◆ **Exercise brief**
Your output should consist solely of the lines from the one holding "2012 CHEVROLET CRUZE LT" to the end of the records below, inclusive, reproduced exactly and free of pictures.
** Dataset extract follows **
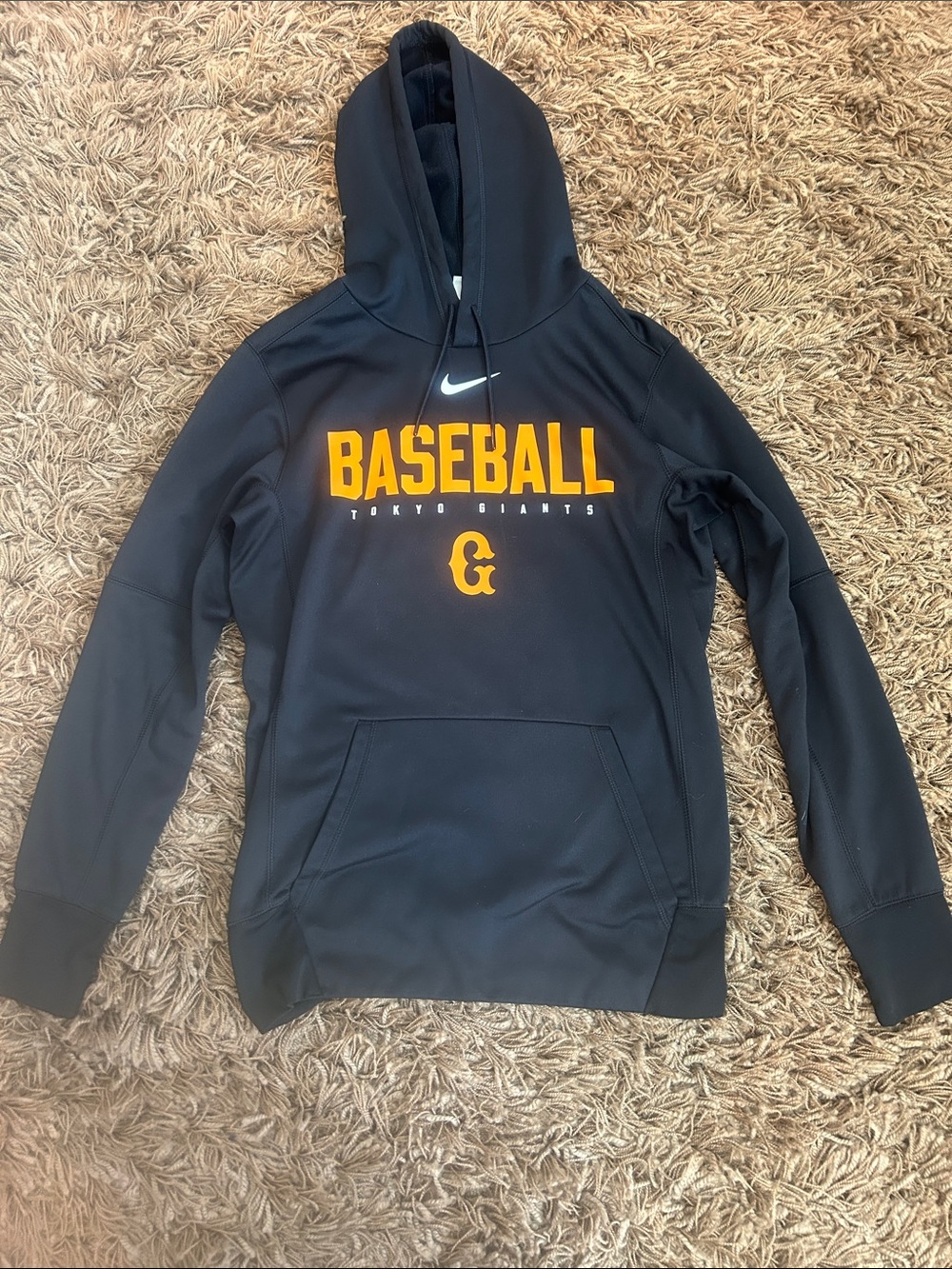 Nike Black Hoodie Tokyo Giants Size Small
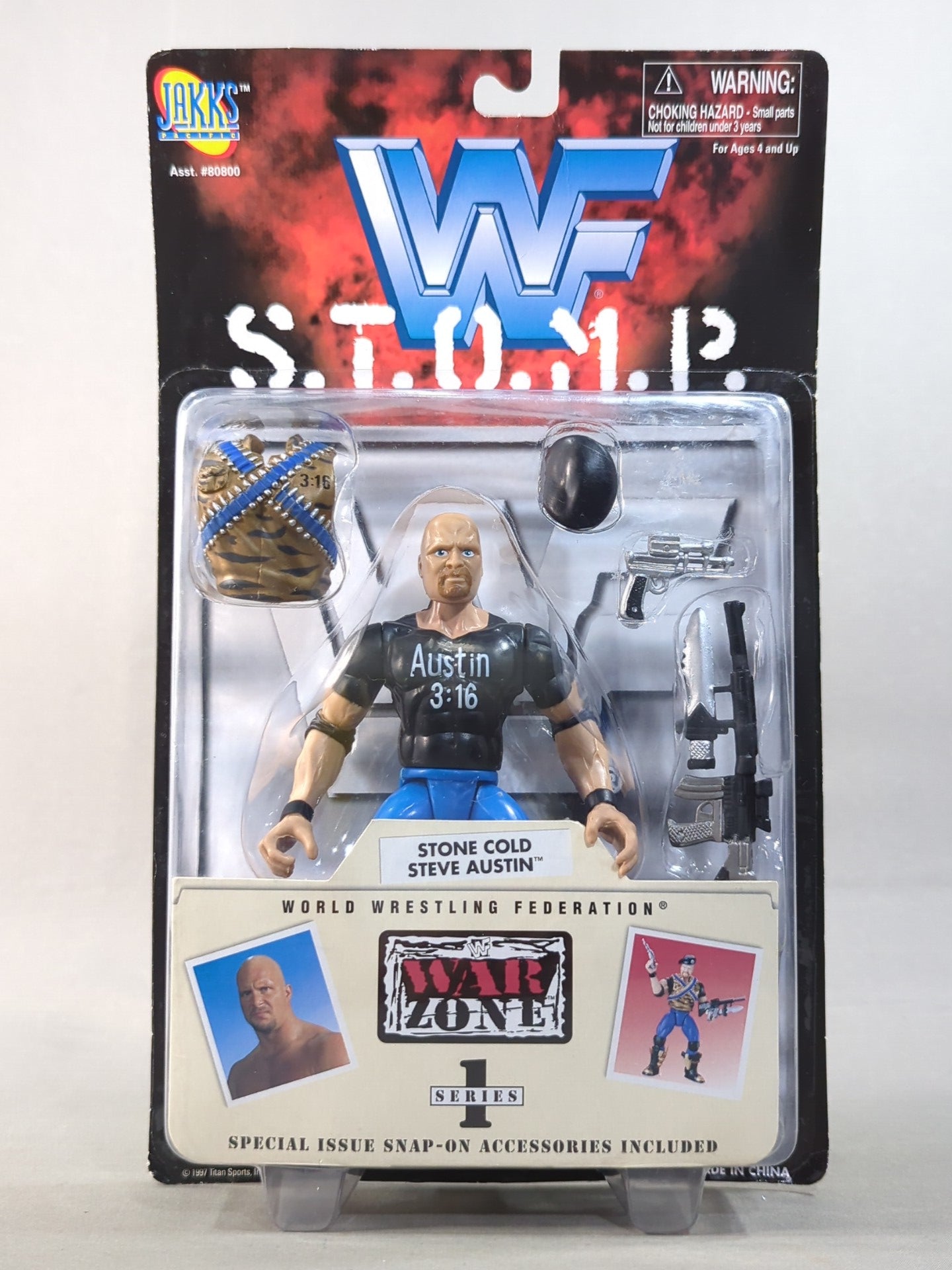ストーンコールド・スティーブ・オースチン – 闘道館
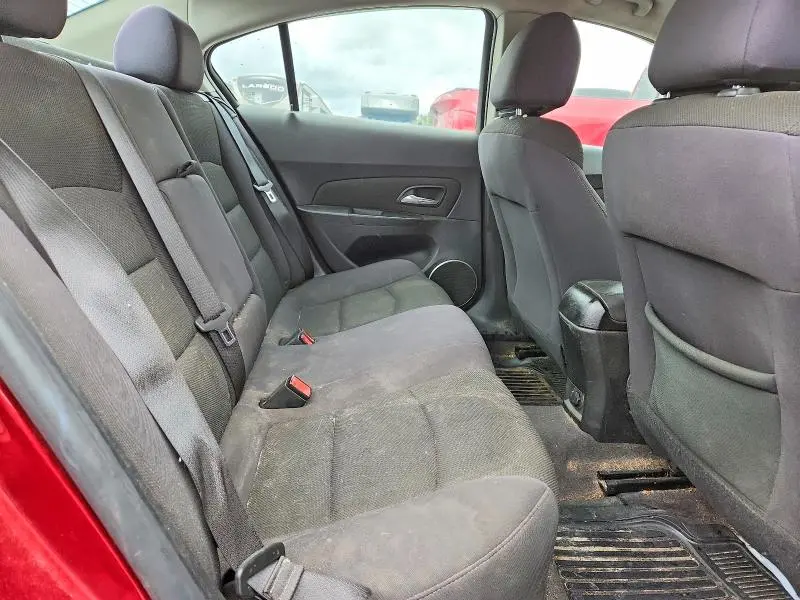 2012 CHEVROLET CRUZE LT  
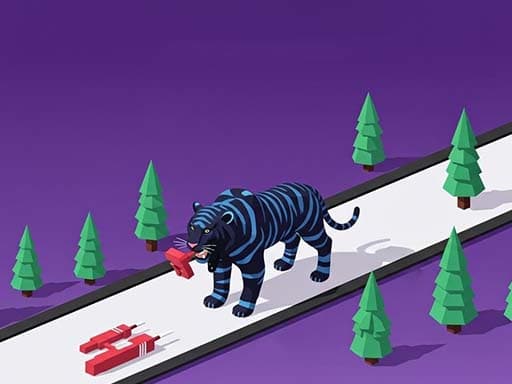 Deadly Hunters Run game screenshot - adventure - Free online game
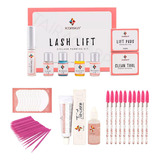 Kit Completo Lash Lifting Permanente Cílios Tintura Ox Pads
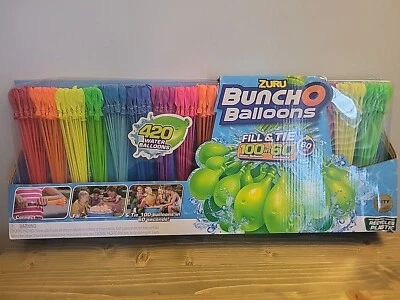 Zuru Bunch O Balloons Self Sealing Water Balloons 420 Count (12 Bunches of 35) - Image 1 of 2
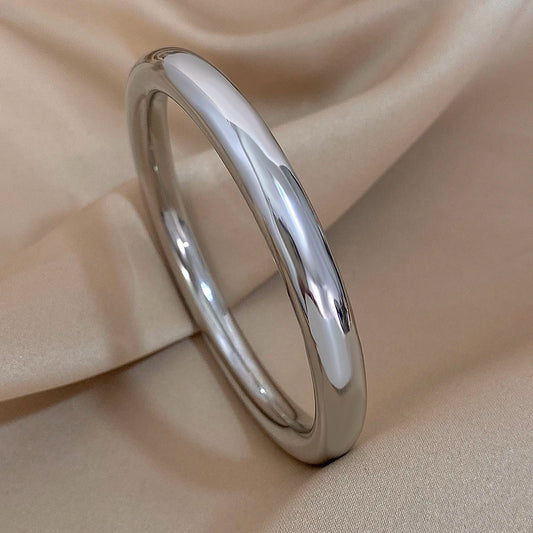 AENSOA Stainless Steel Thick Bracelet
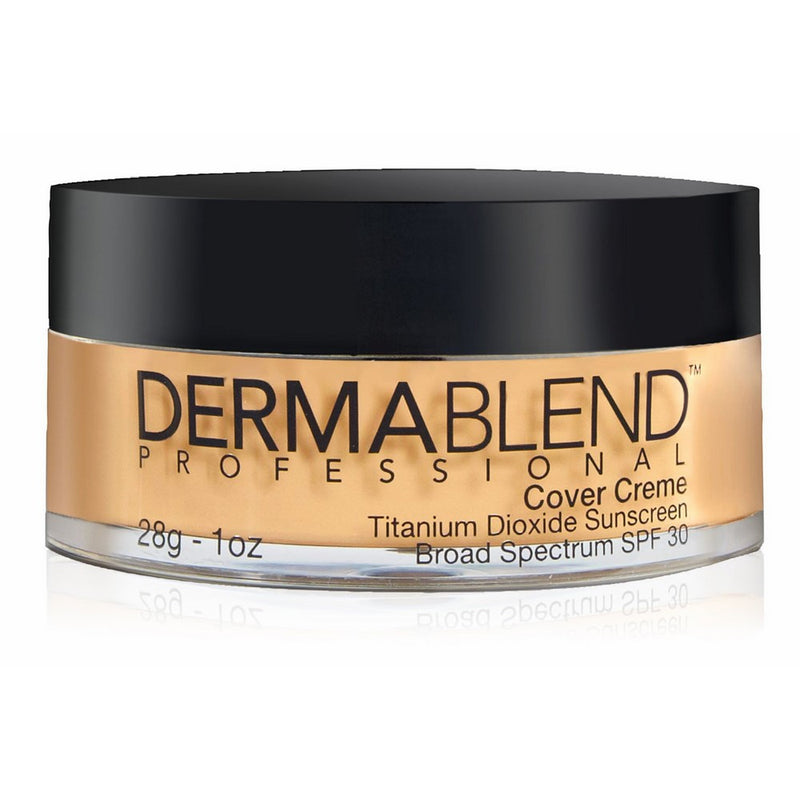 Dermablend Cover Creme Full Coverage Foundation Makeup with SPF 30, 35C Medium Beige, 1 Oz.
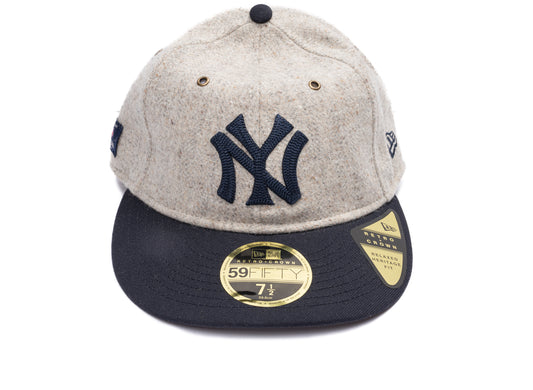 New Era New York Yankees Moon Herringbone 59Fifty Fitted Hat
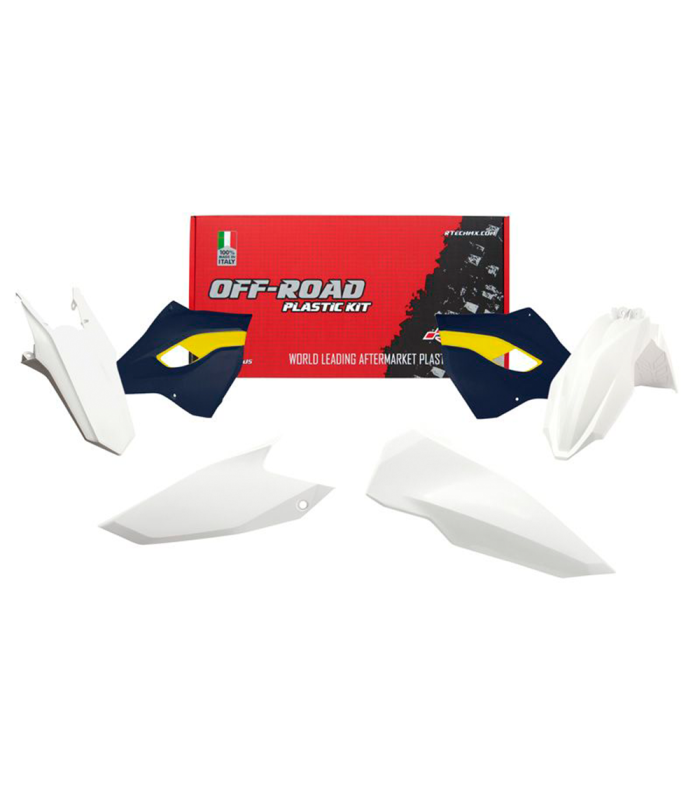 KIT PLÁSTICOS RTECH HUSQVARNA FE, TE (2015-2016)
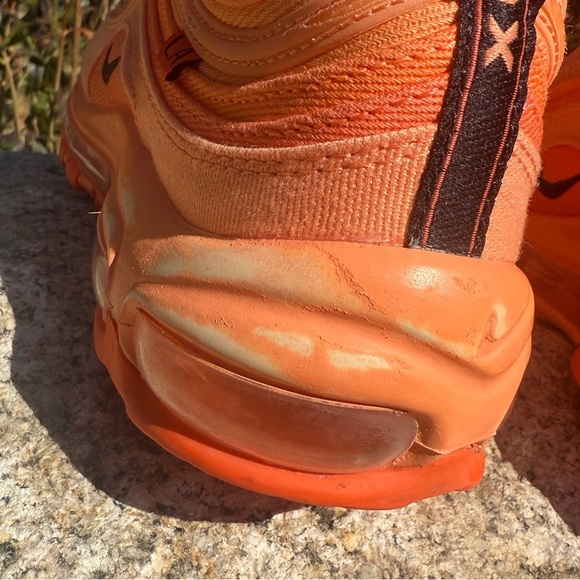 Nike Air Max 97 City Special Los Angeles Orange GS Size 6Y Womens 7.5 DH0148-800 - Picture 6 of 10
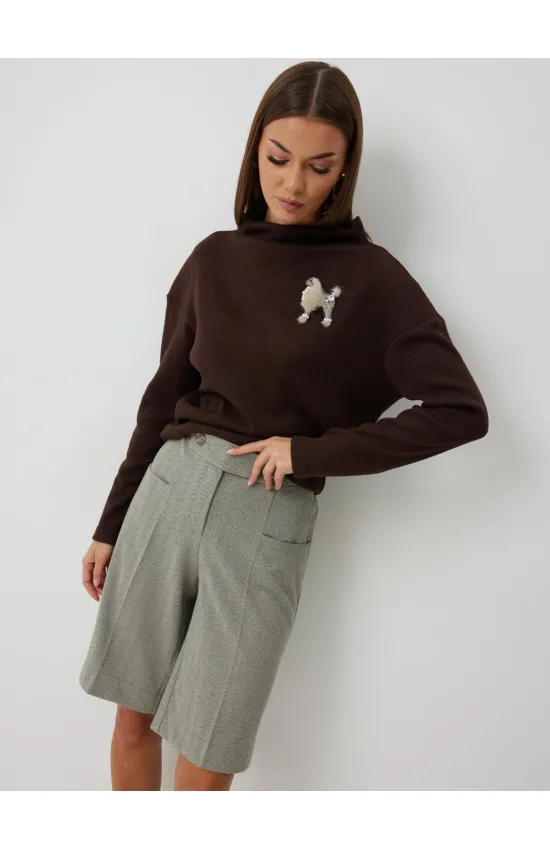 Шорты Kaloris 2244 серый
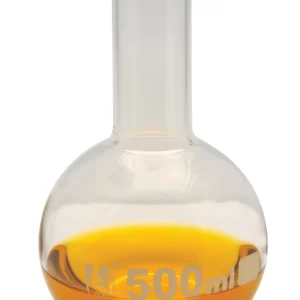 BOILING FLASK,  ROUND BOTTOM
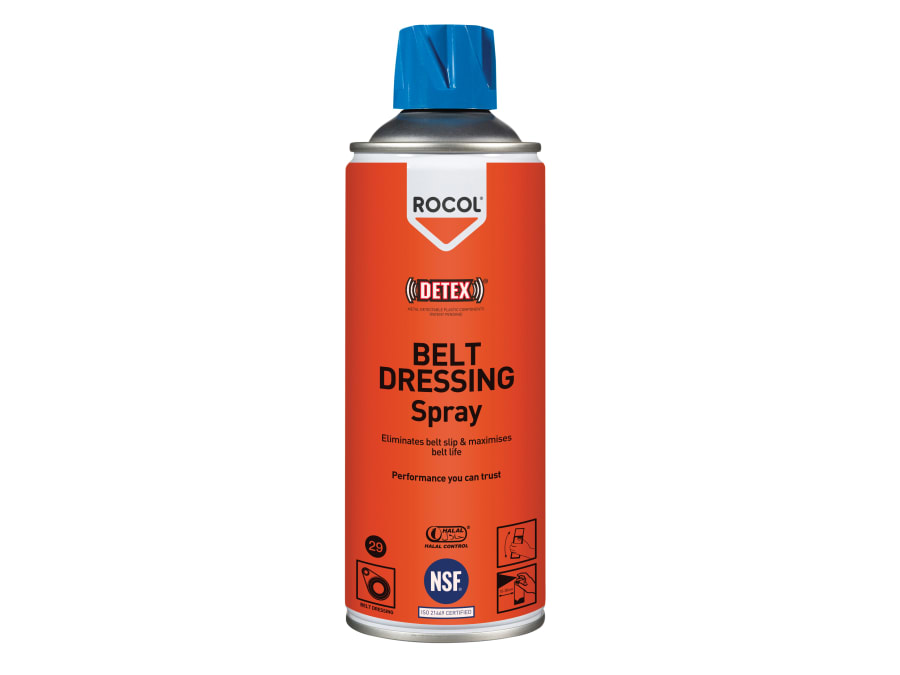 Rocol 34295 Belt Dressing Spray 300ml
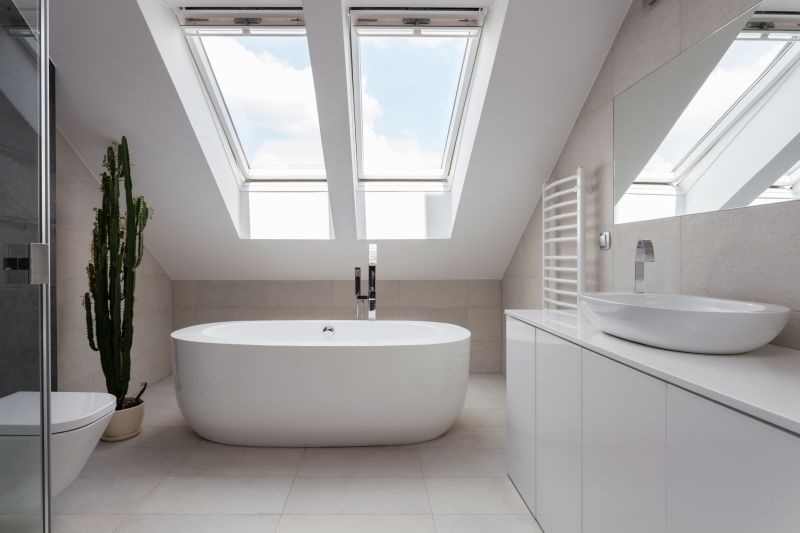 Bright and Airy Bathroom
** End of Dataset extract **
◆ **Response to the exercise**
 2012 CHEVROLET CRUZE LT  
 Deadly Hunters Run game screenshot - adventure - Free online game
 Kit Completo Lash Lifting Permanente Cílios Tintura Ox Pads
 Zuru Bunch O Balloons Self Sealing Water Balloons 420 Count (12 Bunches of 35) - Image 1 of 2
 AENSOA Stainless Steel Thick Bracelet
 Dermablend Cover Creme Full Coverage Foundation Makeup with SPF 30, 35C Medium Beige, 1 Oz.
 New Era New York Yankees Moon Herringbone 59Fifty Fitted Hat
 KIT PLÁSTICOS RTECH HUSQVARNA FE, TE (2015-2016)
 Nike Air Max 97 City Special Los Angeles Orange GS Size 6Y Womens 7.5 DH0148-800 - Picture 6 of 10
 Шорты Kaloris 2244 серый
 BOILING FLASK,  ROUND BOTTOM
 Rocol 34295 Belt Dressing Spray 300ml
 Bright and Airy Bathroom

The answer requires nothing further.